Das heißt: Ich will keinen Account bei Google. Und mein Twitter-Account würde im Fall einer Übernahme ein Google-Account werden.
Es geht nicht darum, dass Google auswerten kann, was ich twittere. Twitter ist sowieso öffentlich. Eine Analyse meiner Tweets wäre allenfalls ein Sahnehäubchen auf mein Verhaltensprofil. Es geht darum, dass ich gezwungenermaßen und gegen meinen Willen bei Google angemeldet werden könnte. Erst durch die Anmeldung können alle möglichen Daten wirklich zusammengeführt und einer Person zugeordnet werden.
Postscriptum
Google sagt, sie interessieren sich gar nicht für mich. Sie würden die Daten nur statistisch auswerten und verkaufen. Oder dafür nutzen, personalisierte Werbung einzublenden. Ich glaube es ihnen sogar. Aber die Daten sind da. Niemand kann garantieren und kontrollieren, was in Zukunft mit ihnen angestellt wird.
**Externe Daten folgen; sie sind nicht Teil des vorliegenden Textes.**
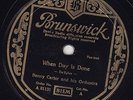 Benny Carter & Orch. - BRUNSWICK A 81131 - When Day is Done & Big Ben Blues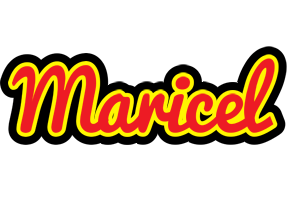 Maricel fireman logo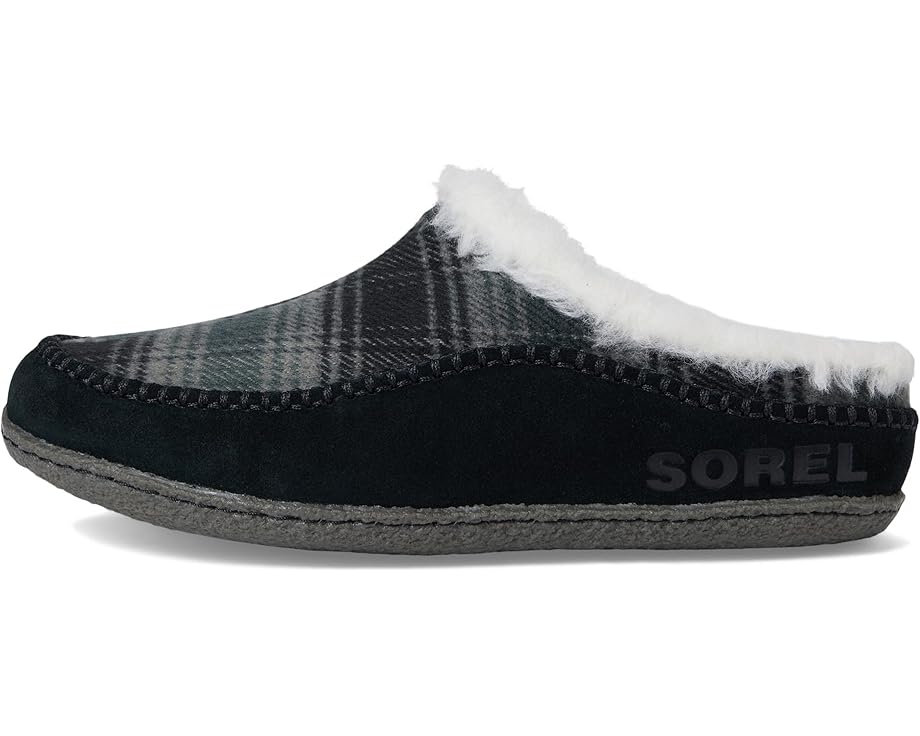 SOREL Falcon Ridge II утепленные домашние тапочки из замши с шерстяной подкладкой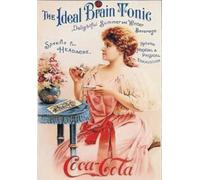 TARGA VINTAGE "COCA COLA DRINK" PUBBLICITA', ADVERTISING, POSTER, BAR, PUB PLATE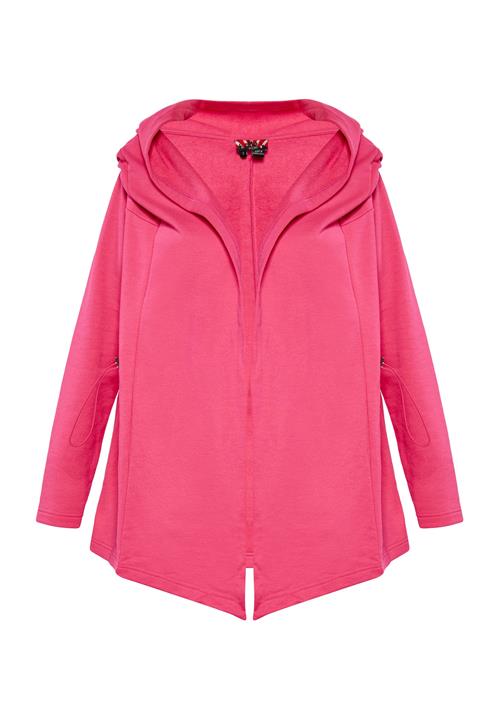 myMo ROCKS Sweatjakke  hindbær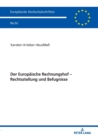 Image for Der Europaeische Rechnungshof - Rechtsstellung und Befugnisse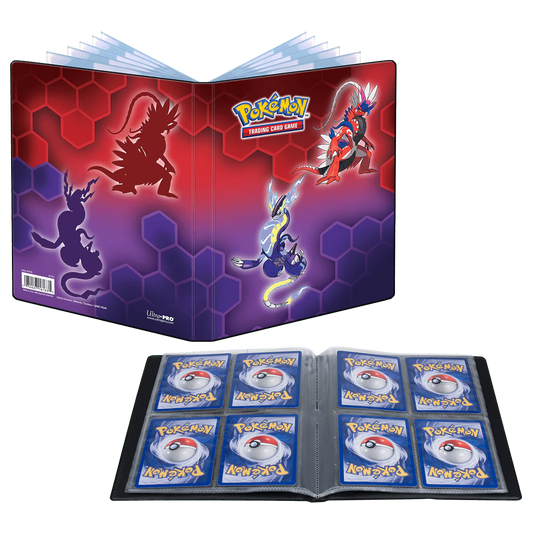 Pokémon Koraidon & Miraidon 4-Pocket Portfolio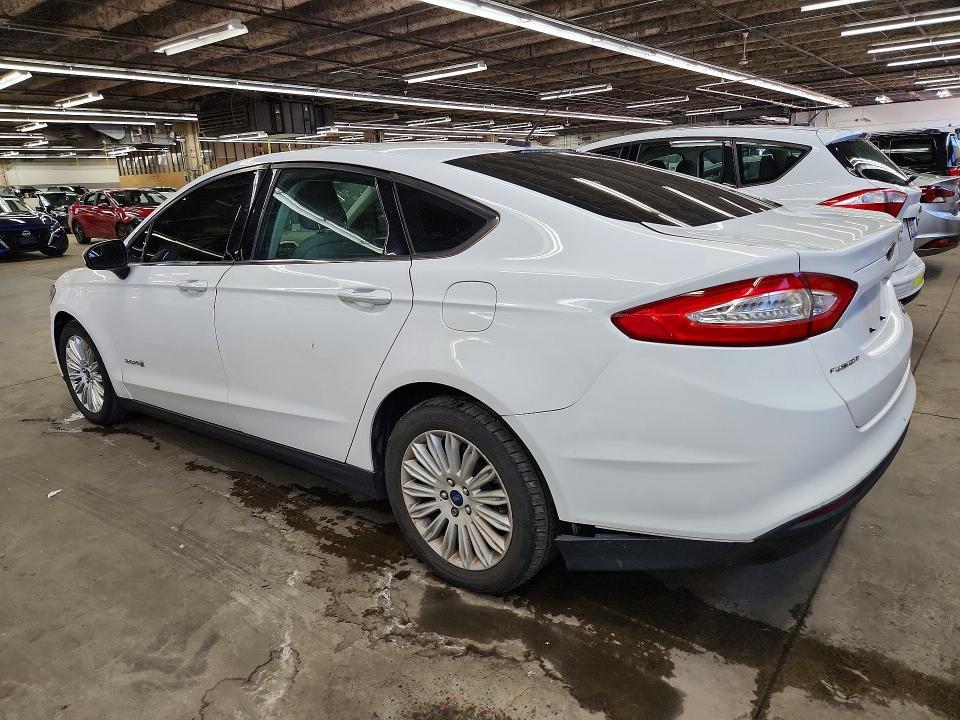 2014 FORD FUSION S HYBRID — Фото 2 из 12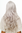 Perücke, Weiß-Grau-Mix, lang, wallendes Haar 9204S-51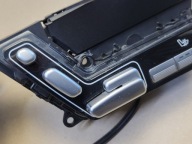PANEL levers of control FOTELEM left front MERCEDES S W221 OE EU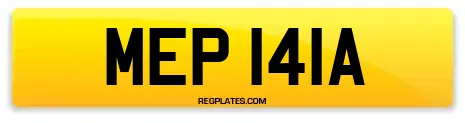 MEP 141A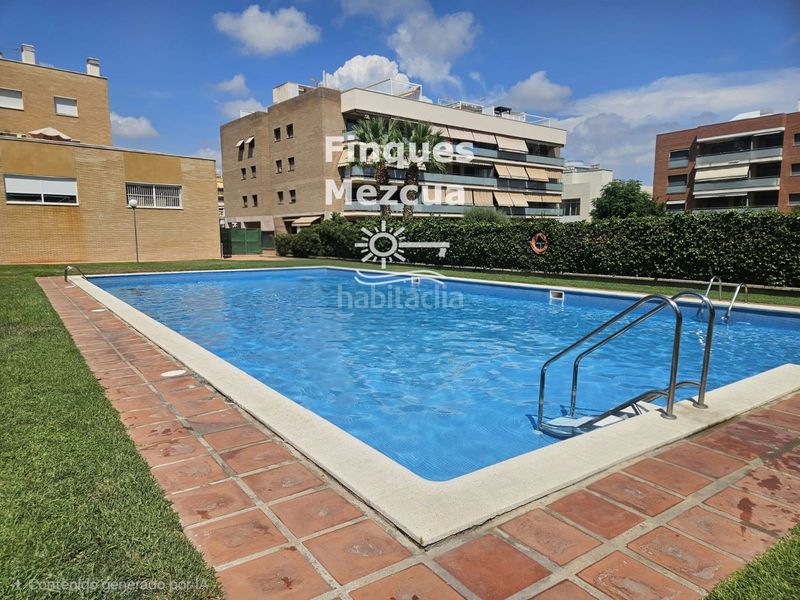 Foto 221f304f-581a-42c4-aed0-118bd1e71837. Appartamento con riscaldamento piscina in prat de Cunit Cunit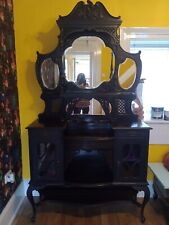 Edwardian ebonised chiffonier for sale  CREDITON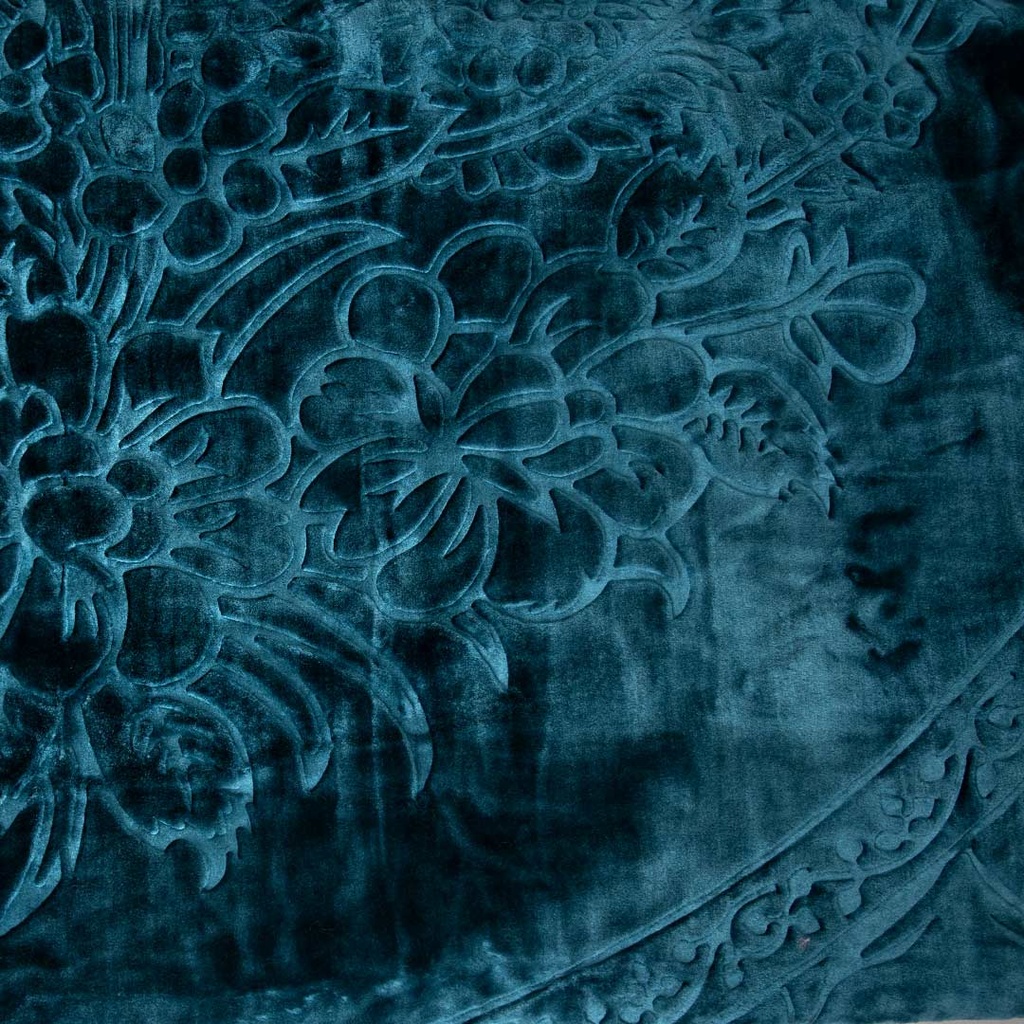 Couverture 2 Places 220/240 Dolce Vita -M6 Turquoise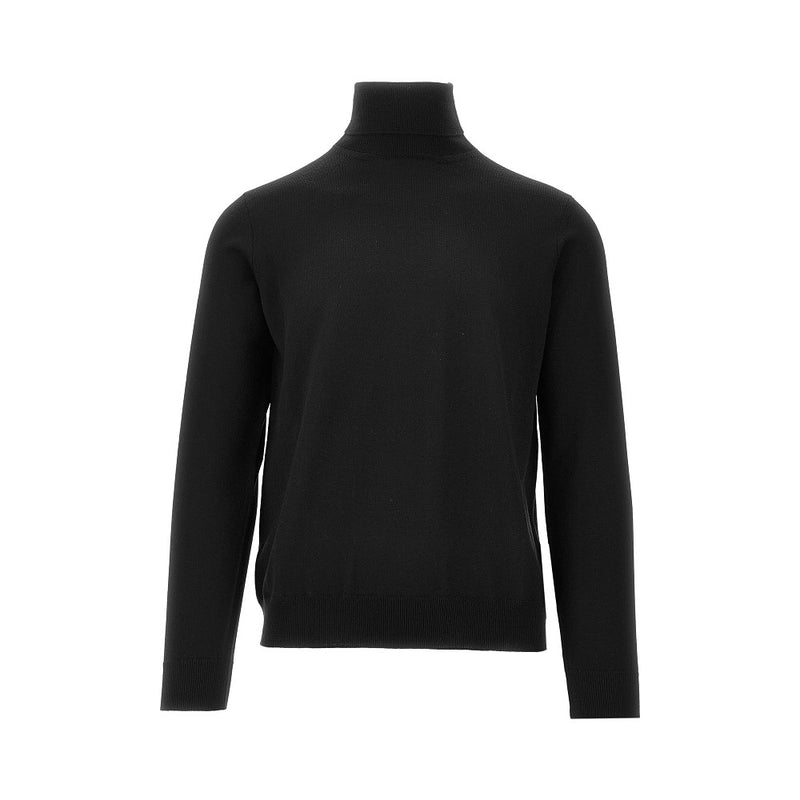 The Pull The Pull Merino Wool Turtleneck Black Men - World Class Fashion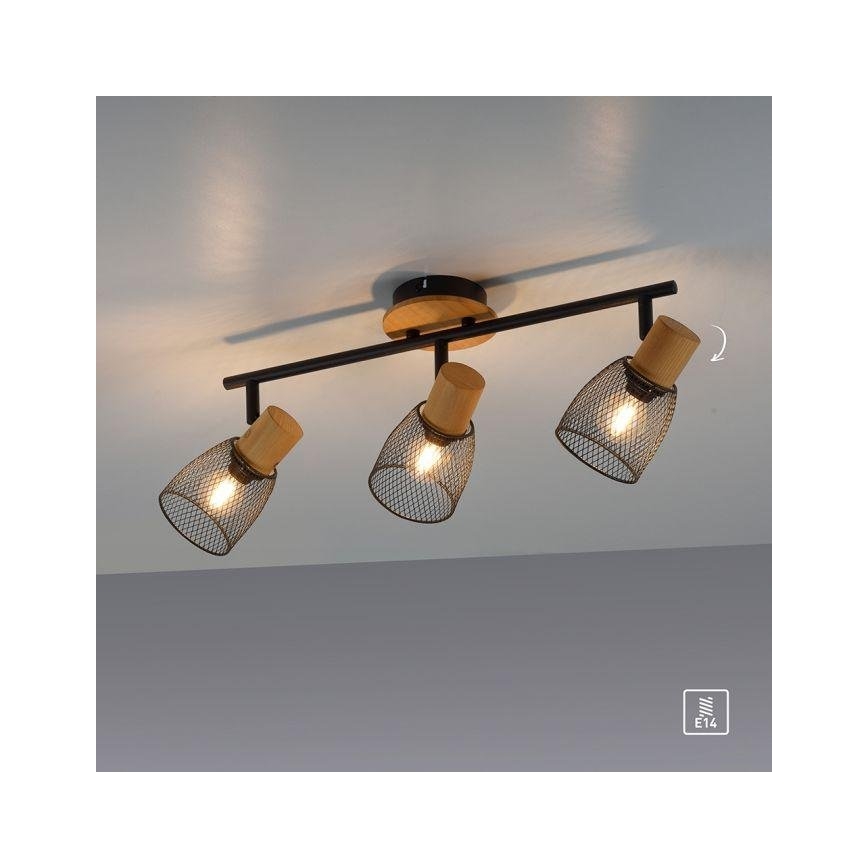 JUST LIGHT. 15193-79 - Reflektorska lampa TAMIS 3xE14/10W/230V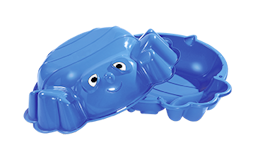 KHW Sandkasten/Wassermuschel Beach Bee 2er Set - Made in GermanyZubehörbild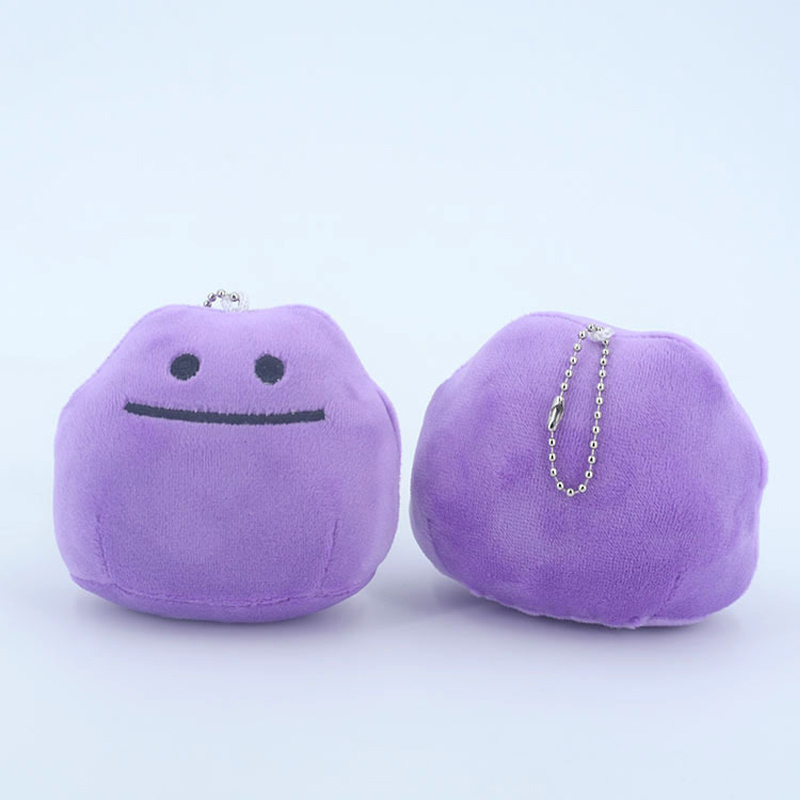 Móc Khóa Hình Búp Bê Nhồi Bông Pokemon 10cm Mềm Mại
Als im 19. Jahrhundert die Einwohnermeldeämter eingeführt wurden und dort u.a. die offensichtlich harmlose Frage nach der Religionszugehörigkeit gestellt wurde, hat auch niemand damit gerechnet, dass dies genau die Daten waren, die den Nazis eine umfassende Registrierung und Verfolgung aller Juden überhaupt erst ermöglichen würden.